気まぐれヒーロー



「もも?けっこう可愛い名前じゃねーか」


そうだよ、名前だけは昔からよく「可愛い~」って言われてた。名前だけね。

他に褒められるとこないからさ。


「あなたは?」

「ん?お前……この俺を知らねえのか!!」

「えっ、し、知らないけど……」


いや、うん、知らないでしょうよ普通。
会ったことないんだし。

でもやけに自信満々な言い方だなあ。


「あーどうりで反応が薄いと思ったんだよな~。くそ、俺もまだジローちゃんほど有名にはなってねえのか~」


え、何?この人有名なの!?

まぁ髪の毛緑だし目立つけど、校内で見たことない。
っていうか16歳って、同じ学年なんだろうか。


「灰次だ、風切 灰次(かざきり はいじ)

「ハイジ……」


なんて……メルヘンな名前なの。


「おいお前、今アルプスを想像しただろう」

「ふへっ!?あ、いえ……」

「嘘つけ。
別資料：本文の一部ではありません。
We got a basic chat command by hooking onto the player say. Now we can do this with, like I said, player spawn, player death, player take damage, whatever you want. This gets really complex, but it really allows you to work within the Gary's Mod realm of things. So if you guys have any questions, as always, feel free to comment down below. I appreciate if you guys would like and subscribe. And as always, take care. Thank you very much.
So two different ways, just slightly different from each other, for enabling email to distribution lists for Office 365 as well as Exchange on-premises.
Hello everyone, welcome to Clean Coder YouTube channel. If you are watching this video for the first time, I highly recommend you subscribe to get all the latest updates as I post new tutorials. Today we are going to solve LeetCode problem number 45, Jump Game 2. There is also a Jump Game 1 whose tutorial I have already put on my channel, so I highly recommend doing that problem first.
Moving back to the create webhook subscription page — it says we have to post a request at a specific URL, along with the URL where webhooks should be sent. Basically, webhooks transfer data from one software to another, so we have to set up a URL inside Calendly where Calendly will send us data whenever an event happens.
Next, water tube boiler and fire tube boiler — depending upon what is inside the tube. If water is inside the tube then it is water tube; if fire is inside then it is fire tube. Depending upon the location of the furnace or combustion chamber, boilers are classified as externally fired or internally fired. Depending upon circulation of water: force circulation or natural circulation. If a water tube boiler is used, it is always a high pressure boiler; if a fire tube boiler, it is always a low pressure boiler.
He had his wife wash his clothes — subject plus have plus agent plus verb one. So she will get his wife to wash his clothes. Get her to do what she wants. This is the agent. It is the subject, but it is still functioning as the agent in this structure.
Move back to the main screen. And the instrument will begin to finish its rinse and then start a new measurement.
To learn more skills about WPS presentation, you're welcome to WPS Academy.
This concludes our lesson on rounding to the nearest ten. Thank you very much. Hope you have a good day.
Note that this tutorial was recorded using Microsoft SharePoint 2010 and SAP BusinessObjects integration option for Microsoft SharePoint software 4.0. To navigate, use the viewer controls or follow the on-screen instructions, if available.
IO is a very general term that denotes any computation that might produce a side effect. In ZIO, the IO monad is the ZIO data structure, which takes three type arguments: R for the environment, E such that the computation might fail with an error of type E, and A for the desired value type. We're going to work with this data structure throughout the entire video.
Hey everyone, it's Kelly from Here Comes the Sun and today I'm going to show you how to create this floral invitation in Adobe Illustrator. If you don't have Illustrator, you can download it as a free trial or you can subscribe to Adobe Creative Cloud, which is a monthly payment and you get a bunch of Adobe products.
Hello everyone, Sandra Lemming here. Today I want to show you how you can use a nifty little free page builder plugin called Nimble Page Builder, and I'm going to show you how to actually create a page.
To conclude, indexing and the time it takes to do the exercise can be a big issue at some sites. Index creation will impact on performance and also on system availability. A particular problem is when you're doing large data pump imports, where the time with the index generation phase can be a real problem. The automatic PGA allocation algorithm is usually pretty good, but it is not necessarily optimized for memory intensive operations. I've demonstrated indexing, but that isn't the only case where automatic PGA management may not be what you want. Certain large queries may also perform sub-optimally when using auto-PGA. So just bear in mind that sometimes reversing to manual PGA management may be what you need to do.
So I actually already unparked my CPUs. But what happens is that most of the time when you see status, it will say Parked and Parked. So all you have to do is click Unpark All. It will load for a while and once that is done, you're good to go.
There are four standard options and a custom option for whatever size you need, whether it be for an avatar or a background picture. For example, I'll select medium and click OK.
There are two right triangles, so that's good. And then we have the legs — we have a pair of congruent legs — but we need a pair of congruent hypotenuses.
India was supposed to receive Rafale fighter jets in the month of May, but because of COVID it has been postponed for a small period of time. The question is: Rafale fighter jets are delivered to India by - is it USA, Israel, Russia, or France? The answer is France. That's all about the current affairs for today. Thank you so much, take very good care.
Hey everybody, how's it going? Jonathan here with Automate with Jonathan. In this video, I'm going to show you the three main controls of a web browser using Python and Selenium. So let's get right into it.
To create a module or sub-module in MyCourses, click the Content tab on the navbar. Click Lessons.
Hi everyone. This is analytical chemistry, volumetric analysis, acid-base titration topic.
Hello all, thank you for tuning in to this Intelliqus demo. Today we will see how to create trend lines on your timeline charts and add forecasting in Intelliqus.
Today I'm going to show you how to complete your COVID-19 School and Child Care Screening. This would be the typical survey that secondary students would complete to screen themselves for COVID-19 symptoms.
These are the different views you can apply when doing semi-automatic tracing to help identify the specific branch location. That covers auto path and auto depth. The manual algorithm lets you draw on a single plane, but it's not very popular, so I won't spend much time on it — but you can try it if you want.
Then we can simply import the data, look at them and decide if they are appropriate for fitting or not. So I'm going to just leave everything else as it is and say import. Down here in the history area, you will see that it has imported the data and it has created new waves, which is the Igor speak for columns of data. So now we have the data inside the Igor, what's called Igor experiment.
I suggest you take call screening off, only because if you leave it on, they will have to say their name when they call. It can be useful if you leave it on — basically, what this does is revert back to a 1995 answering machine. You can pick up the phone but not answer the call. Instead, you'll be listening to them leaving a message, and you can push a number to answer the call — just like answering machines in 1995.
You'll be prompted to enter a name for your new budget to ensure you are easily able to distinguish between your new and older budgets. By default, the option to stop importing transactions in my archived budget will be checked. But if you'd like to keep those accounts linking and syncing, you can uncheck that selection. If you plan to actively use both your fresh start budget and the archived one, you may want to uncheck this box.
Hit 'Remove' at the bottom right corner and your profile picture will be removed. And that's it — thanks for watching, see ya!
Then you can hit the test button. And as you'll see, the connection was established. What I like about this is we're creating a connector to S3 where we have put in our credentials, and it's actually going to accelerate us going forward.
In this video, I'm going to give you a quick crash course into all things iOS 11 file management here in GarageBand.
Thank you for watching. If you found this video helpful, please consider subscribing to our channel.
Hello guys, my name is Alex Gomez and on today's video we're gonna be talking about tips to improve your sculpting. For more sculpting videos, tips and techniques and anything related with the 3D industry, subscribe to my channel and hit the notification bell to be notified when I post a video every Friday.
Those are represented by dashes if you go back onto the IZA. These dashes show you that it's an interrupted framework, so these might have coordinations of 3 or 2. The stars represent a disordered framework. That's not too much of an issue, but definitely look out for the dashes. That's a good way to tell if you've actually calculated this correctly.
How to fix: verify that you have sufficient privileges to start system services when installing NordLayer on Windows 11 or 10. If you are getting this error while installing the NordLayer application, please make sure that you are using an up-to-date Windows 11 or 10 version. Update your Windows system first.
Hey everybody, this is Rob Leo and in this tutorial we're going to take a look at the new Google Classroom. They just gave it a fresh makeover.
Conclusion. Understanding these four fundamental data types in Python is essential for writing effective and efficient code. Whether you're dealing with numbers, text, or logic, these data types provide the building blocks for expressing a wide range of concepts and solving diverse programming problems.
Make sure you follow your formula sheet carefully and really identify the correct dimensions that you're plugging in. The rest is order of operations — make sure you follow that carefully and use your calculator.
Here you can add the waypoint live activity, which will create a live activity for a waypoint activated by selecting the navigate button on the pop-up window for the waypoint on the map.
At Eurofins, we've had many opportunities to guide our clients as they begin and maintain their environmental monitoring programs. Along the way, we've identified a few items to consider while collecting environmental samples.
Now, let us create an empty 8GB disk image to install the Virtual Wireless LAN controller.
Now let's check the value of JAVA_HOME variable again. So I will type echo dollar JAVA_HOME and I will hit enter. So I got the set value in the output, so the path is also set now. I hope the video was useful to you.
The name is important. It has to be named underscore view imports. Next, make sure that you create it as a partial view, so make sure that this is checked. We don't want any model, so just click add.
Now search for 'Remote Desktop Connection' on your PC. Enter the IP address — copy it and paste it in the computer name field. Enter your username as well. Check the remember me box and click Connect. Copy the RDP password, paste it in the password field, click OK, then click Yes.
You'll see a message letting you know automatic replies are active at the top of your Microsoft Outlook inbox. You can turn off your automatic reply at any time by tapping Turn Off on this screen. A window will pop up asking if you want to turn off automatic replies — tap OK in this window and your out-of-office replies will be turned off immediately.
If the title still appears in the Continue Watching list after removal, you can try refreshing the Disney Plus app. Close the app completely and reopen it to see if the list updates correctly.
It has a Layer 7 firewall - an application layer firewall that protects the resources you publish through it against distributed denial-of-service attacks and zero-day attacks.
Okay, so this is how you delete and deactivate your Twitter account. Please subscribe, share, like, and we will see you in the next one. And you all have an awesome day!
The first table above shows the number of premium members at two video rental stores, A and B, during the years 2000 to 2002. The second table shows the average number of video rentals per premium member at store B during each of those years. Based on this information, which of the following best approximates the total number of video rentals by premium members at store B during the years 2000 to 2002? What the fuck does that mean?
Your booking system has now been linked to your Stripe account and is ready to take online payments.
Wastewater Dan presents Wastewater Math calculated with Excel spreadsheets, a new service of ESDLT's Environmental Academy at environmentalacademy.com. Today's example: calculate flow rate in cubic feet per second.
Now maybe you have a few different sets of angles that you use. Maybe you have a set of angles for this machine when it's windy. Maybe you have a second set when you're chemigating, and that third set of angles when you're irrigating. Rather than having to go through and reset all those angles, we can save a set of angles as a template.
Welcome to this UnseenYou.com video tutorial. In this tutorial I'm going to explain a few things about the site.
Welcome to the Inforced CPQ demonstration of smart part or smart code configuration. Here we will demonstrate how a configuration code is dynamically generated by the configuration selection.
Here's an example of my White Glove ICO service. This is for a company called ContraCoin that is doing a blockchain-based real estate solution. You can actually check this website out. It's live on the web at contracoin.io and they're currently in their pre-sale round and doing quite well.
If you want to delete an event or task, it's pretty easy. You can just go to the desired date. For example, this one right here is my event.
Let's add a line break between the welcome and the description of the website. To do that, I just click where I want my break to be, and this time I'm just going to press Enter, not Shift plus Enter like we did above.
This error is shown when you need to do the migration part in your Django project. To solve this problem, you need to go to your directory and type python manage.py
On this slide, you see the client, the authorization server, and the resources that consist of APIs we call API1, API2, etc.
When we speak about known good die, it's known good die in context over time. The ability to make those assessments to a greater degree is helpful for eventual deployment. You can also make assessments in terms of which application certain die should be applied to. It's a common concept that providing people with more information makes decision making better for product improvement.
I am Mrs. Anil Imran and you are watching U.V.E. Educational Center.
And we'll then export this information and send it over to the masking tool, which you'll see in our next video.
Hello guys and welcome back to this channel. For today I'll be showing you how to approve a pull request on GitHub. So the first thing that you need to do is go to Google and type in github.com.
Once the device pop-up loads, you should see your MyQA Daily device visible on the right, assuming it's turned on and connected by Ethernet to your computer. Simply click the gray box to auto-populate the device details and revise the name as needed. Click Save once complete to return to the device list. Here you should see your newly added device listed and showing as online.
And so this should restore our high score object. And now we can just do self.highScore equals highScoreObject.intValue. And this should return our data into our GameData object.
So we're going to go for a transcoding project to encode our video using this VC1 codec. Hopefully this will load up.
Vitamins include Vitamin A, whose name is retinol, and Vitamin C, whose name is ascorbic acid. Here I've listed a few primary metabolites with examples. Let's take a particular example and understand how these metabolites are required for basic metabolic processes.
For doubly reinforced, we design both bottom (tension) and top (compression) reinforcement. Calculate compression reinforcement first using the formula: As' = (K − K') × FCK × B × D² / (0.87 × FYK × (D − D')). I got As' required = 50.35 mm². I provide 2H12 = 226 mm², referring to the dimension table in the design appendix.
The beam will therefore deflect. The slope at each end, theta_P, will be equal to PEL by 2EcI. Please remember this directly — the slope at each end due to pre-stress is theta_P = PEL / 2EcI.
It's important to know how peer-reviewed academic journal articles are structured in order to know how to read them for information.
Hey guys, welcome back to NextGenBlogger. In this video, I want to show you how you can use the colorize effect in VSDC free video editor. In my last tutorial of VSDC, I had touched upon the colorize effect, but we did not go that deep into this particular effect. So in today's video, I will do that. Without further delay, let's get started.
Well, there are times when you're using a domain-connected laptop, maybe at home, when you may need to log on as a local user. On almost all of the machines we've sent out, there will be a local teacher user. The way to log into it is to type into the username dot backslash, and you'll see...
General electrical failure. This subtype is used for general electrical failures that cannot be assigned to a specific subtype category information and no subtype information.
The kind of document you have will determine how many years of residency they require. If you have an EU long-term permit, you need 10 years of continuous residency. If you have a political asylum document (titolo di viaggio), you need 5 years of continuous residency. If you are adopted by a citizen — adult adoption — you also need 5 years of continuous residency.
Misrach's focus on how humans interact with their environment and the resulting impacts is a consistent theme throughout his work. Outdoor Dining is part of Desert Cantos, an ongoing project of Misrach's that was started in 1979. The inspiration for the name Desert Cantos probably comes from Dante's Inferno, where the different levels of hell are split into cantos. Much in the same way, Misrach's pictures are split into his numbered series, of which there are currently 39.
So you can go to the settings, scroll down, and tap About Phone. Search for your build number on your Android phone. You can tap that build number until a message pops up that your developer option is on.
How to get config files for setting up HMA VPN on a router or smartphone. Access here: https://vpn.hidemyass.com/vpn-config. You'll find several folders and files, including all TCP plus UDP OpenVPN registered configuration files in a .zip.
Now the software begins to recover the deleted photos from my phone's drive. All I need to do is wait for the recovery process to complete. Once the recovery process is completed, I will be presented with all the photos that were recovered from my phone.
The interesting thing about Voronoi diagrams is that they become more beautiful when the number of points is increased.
言っとくけどな、俺はでけえ犬もヤギも飼ってねえし、おじーさんとも暮らしてねえからな」


やだ、もうそのイメージしか浮かんでこない……!!

わ、笑っちゃダメよ!でも、こんな大きい男の子が、ハイジ……!


「ぷっ」

「てめえぶっ殺す!!」

「あわわわわ!ごご、ごめんなさいっ!!!!」


それからなんとかハイジをなだめて、どうにか機嫌を直してもらった。

……疲れる。

失恋したのに。フラれたのに。

なんで私がこんなに気を遣わないといけないんだろう。


もう帰ろ。


「じゃ、私そろそろ帰るから……」


よくわからないけど、ハイジと関わるとロクなことなさそうだから、逃げようと思った。


「ちょっと待て」


止められた。


「……何?」


屋上のドアノブに手をかけたまま振り返ると、ハイジは真っ直ぐに──真剣な目で私を見ていた。


何なんだろう、私に何の用が!?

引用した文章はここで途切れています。